During the autumn, Jérémie is attacked by a gay man who kills his beloved dog as retaliation. Jérémie had previously thrown his attacker into a canal. Francis harshly criticized Jérémie for his behaviour. Shortly after Jérémie slashes his wrist in a suicide attempt, but he is saved by Francis. Anna Maria returns from Paris with news about Alice who sent her father a disturbing video of herself having sex with Alvise. Anna Maria has been diagnosed with terminal lung cancer. In the winter Alice returns to Venice, as Alvise is now in prison in the city. She is welcomed by Judith, and Francis and Alice make amends. She asks her father for forgiveness but is adamant in her love for Alvise and tells Francis that her daughter is better off with her ex-husband.

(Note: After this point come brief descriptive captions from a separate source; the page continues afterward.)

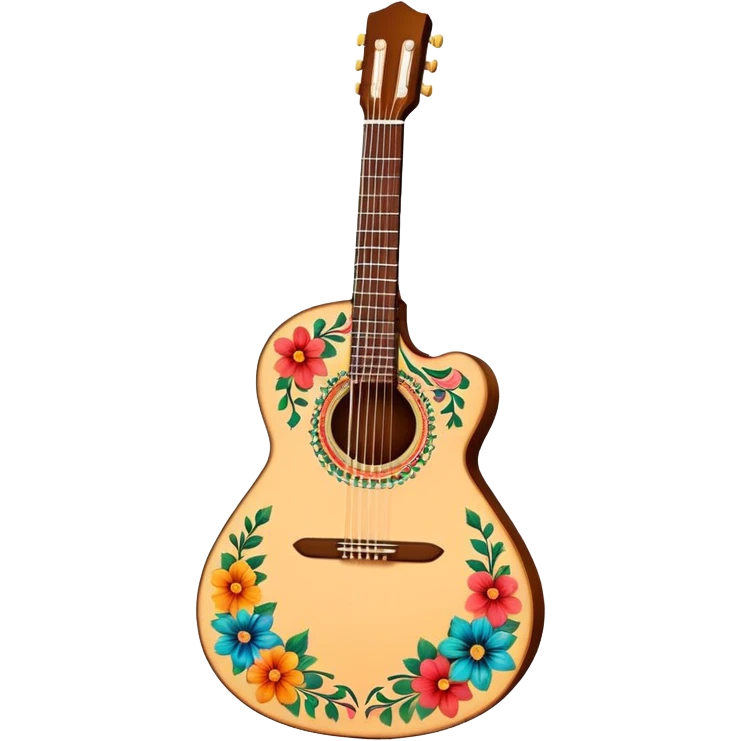Spanish guitar with colorful decorations emoji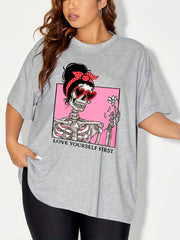 Funny Skull Print Halloween Sports Top - Plus Size Women's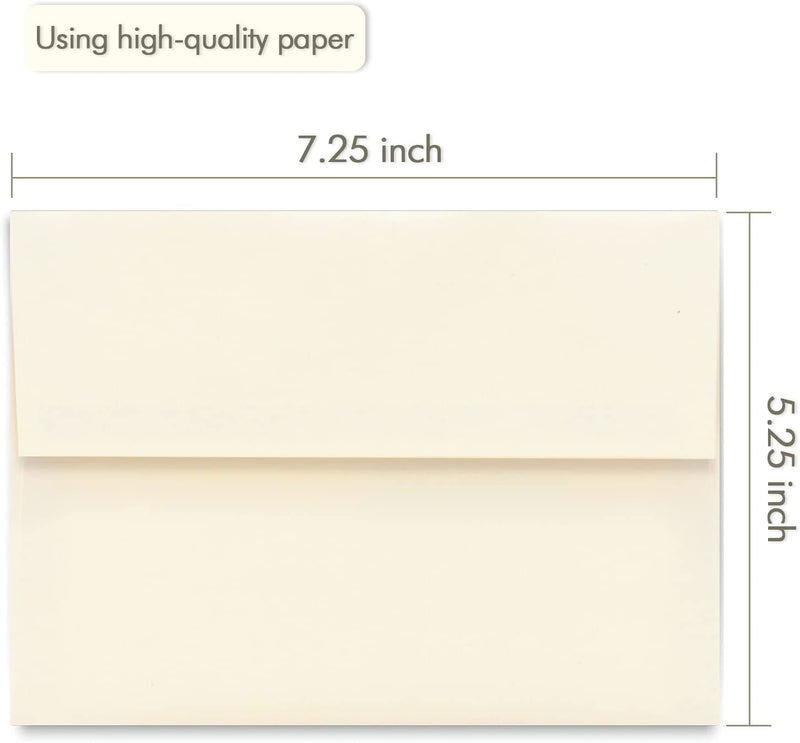 Poppy Crafts 5x7in Envelopes - Luxury Ivory - Pack of 50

At Anna Maria's funeral, Jérémie is repeatedly hit by Francis who is furious about his lack of feelings towards Anna Maria. The two men reconcile when Jérémie, leaving Venice to find a new life, comes to say goodbye to Francis. He is young, he says, and at least time is on his side. Francis finally manages to complete his novel. He has no more reasons to stay in Venice. He runs to see Judith and he asks her to move to Paris with him.

==Cast==
- André Dussollier as Francis
- Carole Bouquet as Judith
- Adriana Asti as Anna Maria
- Mauro Conte as Jérémie
- Mélanie Thierry as Alice
- Andrea Pergolesi as Alvise
- Zoé Duthion as Vicky
- Sandra Toffolatti as The Countess
- Alexis Loret as Roger

==Reception==
The film garnered a favorable critical reaction. As of June 2020, the film hols a 77% approval rating Rotten Tomatoes, based on 35 reviews with an average rating of 6.71 out of 10. Metacritic gave the film an average score of 66/100, indicating "generally favorable reviews".

Ty Burr, writing for The Boston Globe, called the film: "An elegantly rambling Franco-Italian affair about the ways we do each other wrong while trying to do each other right…. Unforgivable is about doubt, the gnawing gap between the things we crave and our inability to own them."
In The New York Times, Manohla Dargis commented: "Unforgivable isn't one of Mr. Téchiné's greatest achievements, but it's engrossing even when its increasingly populated story falters, tripped up by unpersuasive actions, connections and details."

Roger Ebert said that: "What makes the film involving is that it doesn't depend on the mechanical resolution of the plot, but on the close observation of its effects on these distinctive characters. Like all movies set in Venice, Unforgivable derives much of its effect from the city itself, which acts as a stage set for the lives lived there. By placing Andre's island both within the city and apart from it, it underlines his own isolation from these busy lives that have intersected with his. Nothing ever seems straightforward in Venice, least of all its romances."

In the words of Mick LaSalle writing for the San Francisco Chronicle, "the film creates the lived-in sense of being in the world of the characters. Thing happen. The story goes one way and then another. We care, but not much, not really. And yet we do start to care, as if simply as a result of proximity. We are there with these people, or at least we feel we are, which is the ultimate movie illusion…... Unforgivable is like a conversation with a stranger, but a real conversation - with the additional pleasure of Venice in every shot."

The Christian Science Monitors film critic Peter Rainer said that director "André Téchiné makes movies about people whose lives are perpetually in flux – the more fluctuations the better. In the human comedy, Téchiné seems to be saying, to his delight, nothing stays the same. Here is something exasperating and yet marvelous about Téchiné's approach, and this dichotomy is no more apparent than in his latest film, Unforgivable, which is about a best-selling crime novelist whose personal life is as messy as his books are carefully plotted."